Dataset excerpts:
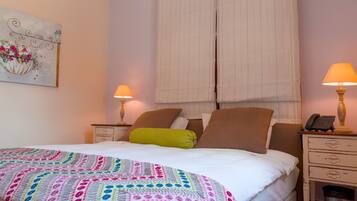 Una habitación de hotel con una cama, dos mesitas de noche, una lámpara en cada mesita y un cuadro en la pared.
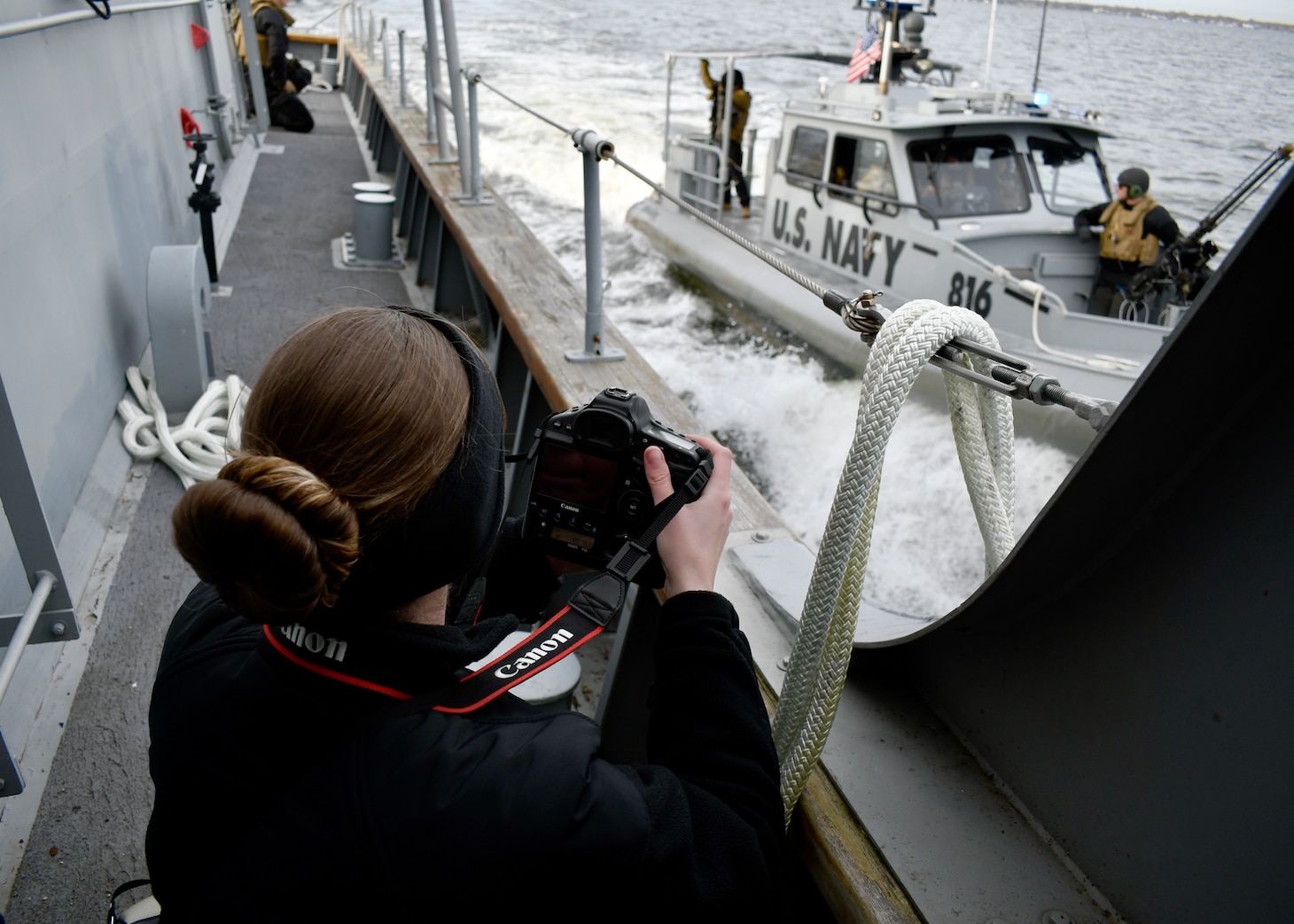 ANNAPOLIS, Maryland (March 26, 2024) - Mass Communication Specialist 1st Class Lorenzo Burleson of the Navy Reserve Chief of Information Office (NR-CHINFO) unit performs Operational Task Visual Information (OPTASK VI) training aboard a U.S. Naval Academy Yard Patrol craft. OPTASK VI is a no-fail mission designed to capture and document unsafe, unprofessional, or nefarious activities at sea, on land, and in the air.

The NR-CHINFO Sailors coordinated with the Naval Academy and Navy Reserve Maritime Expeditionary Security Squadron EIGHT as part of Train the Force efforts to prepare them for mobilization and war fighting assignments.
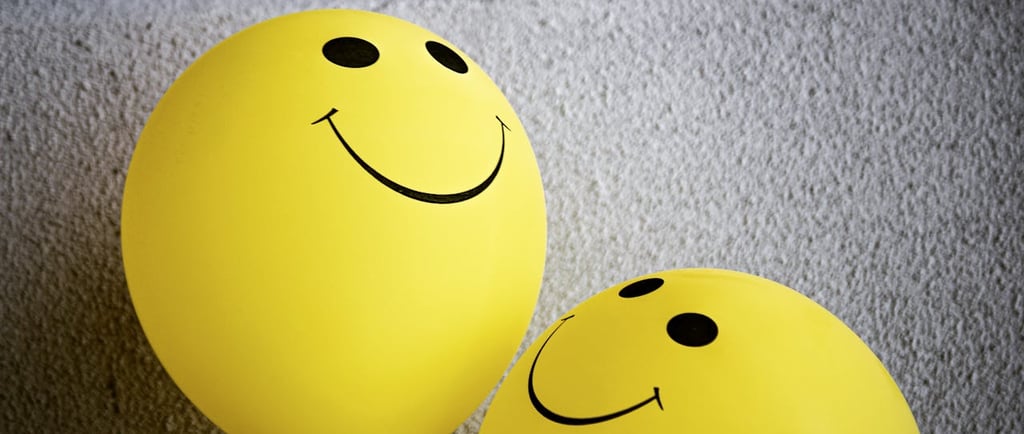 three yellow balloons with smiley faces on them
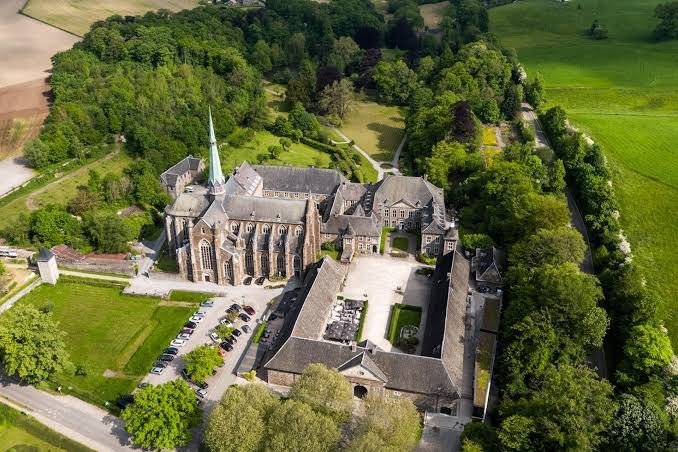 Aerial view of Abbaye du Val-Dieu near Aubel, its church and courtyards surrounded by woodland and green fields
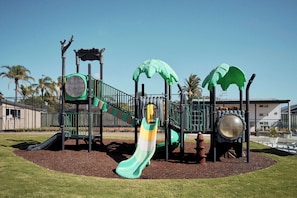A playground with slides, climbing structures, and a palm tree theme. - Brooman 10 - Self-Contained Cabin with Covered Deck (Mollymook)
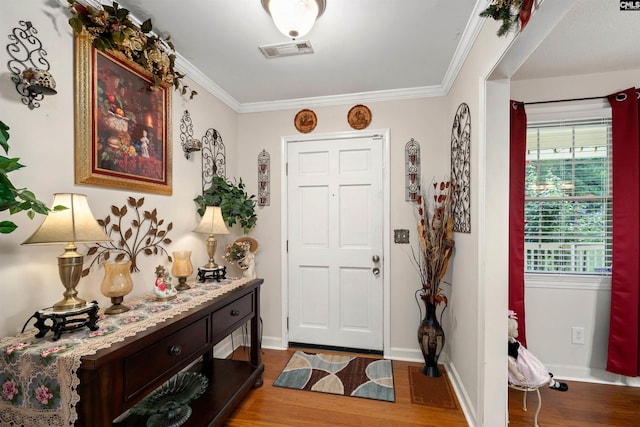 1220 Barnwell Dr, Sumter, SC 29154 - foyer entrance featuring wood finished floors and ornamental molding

Work to be completed:
The answer must be an exact copy of the lines above, from the start of the records through the line with "ANNAPOLIS, Maryland (March", and of nothing else; no pictures belong in it.

Your solution:
 Una habitación de hotel con una cama, dos mesitas de noche, una lámpara en cada mesita y un cuadro en la pared.
 ANNAPOLIS, Maryland (March 26, 2024) - Mass Communication Specialist 1st Class Lorenzo Burleson of the Navy Reserve Chief of Information Office (NR-CHINFO) unit performs Operational Task Visual Information (OPTASK VI) training aboard a U.S. Naval Academy Yard Patrol craft. OPTASK VI is a no-fail mission designed to capture and document unsafe, unprofessional, or nefarious activities at sea, on land, and in the air.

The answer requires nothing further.